# Lesson 1 — Exercise 3 (Python): Connect to Neo4j and Preview Graph Edges

## Goal

Connect to a Neo4j instance containing graph edges (relationships like
`Rider-BOARDED->Station`, `Station-CONNECTS_TO->Station`, etc.) and
quickly profile which **node types** and **relationship types** you'll
need to map into `stg.edges_raw`.

## What to build

A Jupyter notebook that:

1.  Connects with the official `neo4j` Python driver.

2.  Runs Cypher to:

    -   Count edges by `relationship`.
    -   Count by `(from_node_type, to_node_type)`.
    -   Sample 10 edges with fields needed later (`edge_id`, node
        IDs/types, `timestamp`, `route_id`, `mode`, etc.).

3.  Writes `/tmp/edges_preview.csv` and prints summary tables.

### Acceptance criteria

-   Uses env `NEO4J_URI`, `NEO4J_USER`, `NEO4J_PASSWORD`.
-   Prints top 5 relationships and top 5 node-type pairs.
-   Writes a 10-row sample with columns that will map into
    `stg.edges_raw` (edge_id, from_node_id/type, to_node_id/type,
    relationship, timestamp, route_id, mode, rider_id, station_id… when
    present).

------------------------------------------------------------------------

## Lesson 1 Exercise 3: Connect to Neo4j and Preview Graph Edges Solution

Populate the Neo4j database by running available script

In [1]:
!python populate-neo4j.py

Connected to Neo4j at bolt://localhost:7687 as neo4j
Loaded 122 edges … (Rider)-[:SHARES_TRIP_WITH]->(Rider)
Loaded 446 edges … (Rider)-[:ALIGHTED]->(Station)
Loaded 835 edges … (Rider)-[:TRANSFERRED_TO]->(Station)
Loaded 1335 edges … (Rider)-[:BOARDED]->(Vehicle)
Loaded 1370 edges … (Rider)-[:BOARDED]->(Vehicle)
Loaded 1802 edges … (Route)-[:ROUTE_SERVES]->(Station)
Loaded 2302 edges … (Station)-[:CONNECTS_TO]->(Station)
Loaded 2500 edges … (Station)-[:CONNECTS_TO]->(Station)

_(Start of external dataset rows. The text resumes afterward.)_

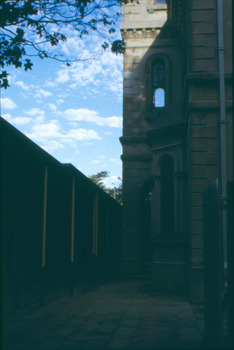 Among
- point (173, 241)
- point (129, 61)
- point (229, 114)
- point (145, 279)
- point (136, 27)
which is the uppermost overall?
point (136, 27)

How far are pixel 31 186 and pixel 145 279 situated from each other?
277 inches

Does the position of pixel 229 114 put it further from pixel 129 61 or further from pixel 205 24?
pixel 129 61

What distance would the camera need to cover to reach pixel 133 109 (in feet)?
62.5

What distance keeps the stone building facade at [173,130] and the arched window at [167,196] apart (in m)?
0.03

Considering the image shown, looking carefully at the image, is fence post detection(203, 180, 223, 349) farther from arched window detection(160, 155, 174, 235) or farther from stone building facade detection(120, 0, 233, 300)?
arched window detection(160, 155, 174, 235)

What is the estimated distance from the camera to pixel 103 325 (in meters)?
7.60

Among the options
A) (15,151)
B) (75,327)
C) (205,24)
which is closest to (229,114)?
(205,24)

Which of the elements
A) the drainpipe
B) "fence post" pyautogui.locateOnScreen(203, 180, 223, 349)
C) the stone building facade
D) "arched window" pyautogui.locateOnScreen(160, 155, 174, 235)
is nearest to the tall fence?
the stone building facade

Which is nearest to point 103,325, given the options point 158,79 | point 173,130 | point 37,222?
point 37,222

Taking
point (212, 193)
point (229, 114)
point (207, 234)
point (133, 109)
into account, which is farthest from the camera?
point (133, 109)

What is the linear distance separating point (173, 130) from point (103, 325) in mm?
7638

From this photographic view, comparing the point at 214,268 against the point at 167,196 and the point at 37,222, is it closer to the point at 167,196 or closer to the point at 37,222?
the point at 167,196

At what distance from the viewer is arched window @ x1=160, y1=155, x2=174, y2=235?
14.1 meters

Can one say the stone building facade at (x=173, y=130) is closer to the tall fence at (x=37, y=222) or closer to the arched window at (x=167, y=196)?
the arched window at (x=167, y=196)
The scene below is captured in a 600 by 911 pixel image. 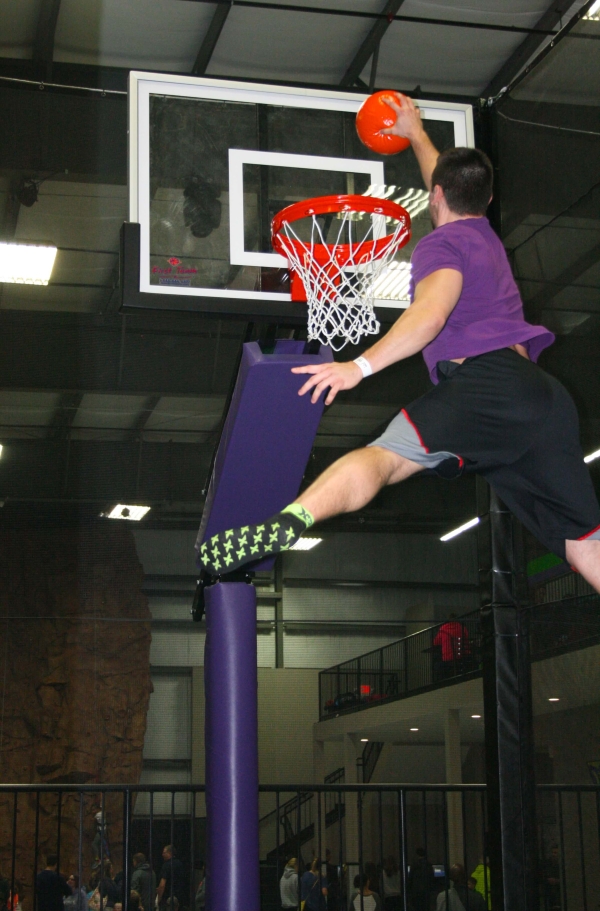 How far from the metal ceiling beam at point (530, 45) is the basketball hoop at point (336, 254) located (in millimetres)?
2512

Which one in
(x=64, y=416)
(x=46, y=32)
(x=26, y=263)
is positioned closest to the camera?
(x=46, y=32)

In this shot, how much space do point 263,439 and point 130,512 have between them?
14.4 ft

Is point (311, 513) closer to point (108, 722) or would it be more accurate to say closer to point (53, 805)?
point (108, 722)

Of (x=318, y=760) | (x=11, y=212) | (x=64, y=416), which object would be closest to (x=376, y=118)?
(x=11, y=212)

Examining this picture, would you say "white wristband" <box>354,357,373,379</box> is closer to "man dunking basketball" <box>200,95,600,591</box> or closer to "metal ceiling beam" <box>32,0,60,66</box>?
"man dunking basketball" <box>200,95,600,591</box>

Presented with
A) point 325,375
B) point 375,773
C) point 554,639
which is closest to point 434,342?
point 325,375

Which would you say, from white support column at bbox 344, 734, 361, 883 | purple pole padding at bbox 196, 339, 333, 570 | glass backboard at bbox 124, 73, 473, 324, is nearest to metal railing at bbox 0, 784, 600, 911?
white support column at bbox 344, 734, 361, 883

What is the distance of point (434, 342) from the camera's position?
2.63 m

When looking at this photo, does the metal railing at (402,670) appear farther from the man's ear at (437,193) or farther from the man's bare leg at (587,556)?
the man's ear at (437,193)

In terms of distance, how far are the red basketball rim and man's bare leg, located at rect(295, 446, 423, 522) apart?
1.11 meters

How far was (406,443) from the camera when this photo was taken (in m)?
2.41

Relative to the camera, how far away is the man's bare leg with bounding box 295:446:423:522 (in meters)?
2.27

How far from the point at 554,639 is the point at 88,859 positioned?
212 inches

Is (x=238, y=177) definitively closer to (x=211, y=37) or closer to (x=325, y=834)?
(x=211, y=37) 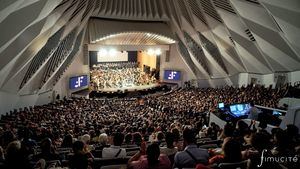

✅ Loaded 2500 edges from ./data/van_transit_graph_edges_neo4j.csv


### Step 1: Imports and Configuration

Load required libraries and set up connection parameters from environment variables.

In [2]:
import os
import pandas as pd
from neo4j import GraphDatabase

# --- Configuration (from environment variables or defaults) ---
NEO4J_URI = os.environ.get("NEO4J_URI", "bolt://localhost:7687")
NEO4J_USER = os.environ.get("NEO4J_USER", "neo4j")
NEO4J_PASSWORD = os.environ.get("NEO4J_PASSWORD", "neo4jpass")
OUT_FILE = "/tmp/edges_preview.csv"

print(f"Neo4j URI: {NEO4J_URI}")
print(f"Neo4j User: {NEO4J_USER}")
print(f"Output file: {OUT_FILE}")

Neo4j URI: bolt://localhost:7687
Neo4j User: neo4j
Output file: /tmp/edges_preview.csv


### Step 2: Connect to Neo4j

Establish a connection to the Neo4j database using the official Python driver.

In [3]:
driver = GraphDatabase.driver(NEO4J_URI, auth=(NEO4J_USER, NEO4J_PASSWORD))

# Verify connectivity
driver.verify_connectivity()
print("Successfully connected to Neo4j!")

Successfully connected to Neo4j!


### Step 3: Count Edges by Relationship Type

Query the graph to see which relationship types exist and how many of each.

In [4]:
CYPHER_REL_COUNTS = """
MATCH ()-[r]->()
RETURN type(r) AS relationship, count(*) AS n
ORDER BY n DESC
LIMIT 5
"""

with driver.session() as session:
    result = session.run(CYPHER_REL_COUNTS)
    rel_counts = pd.DataFrame([record.data() for record in result])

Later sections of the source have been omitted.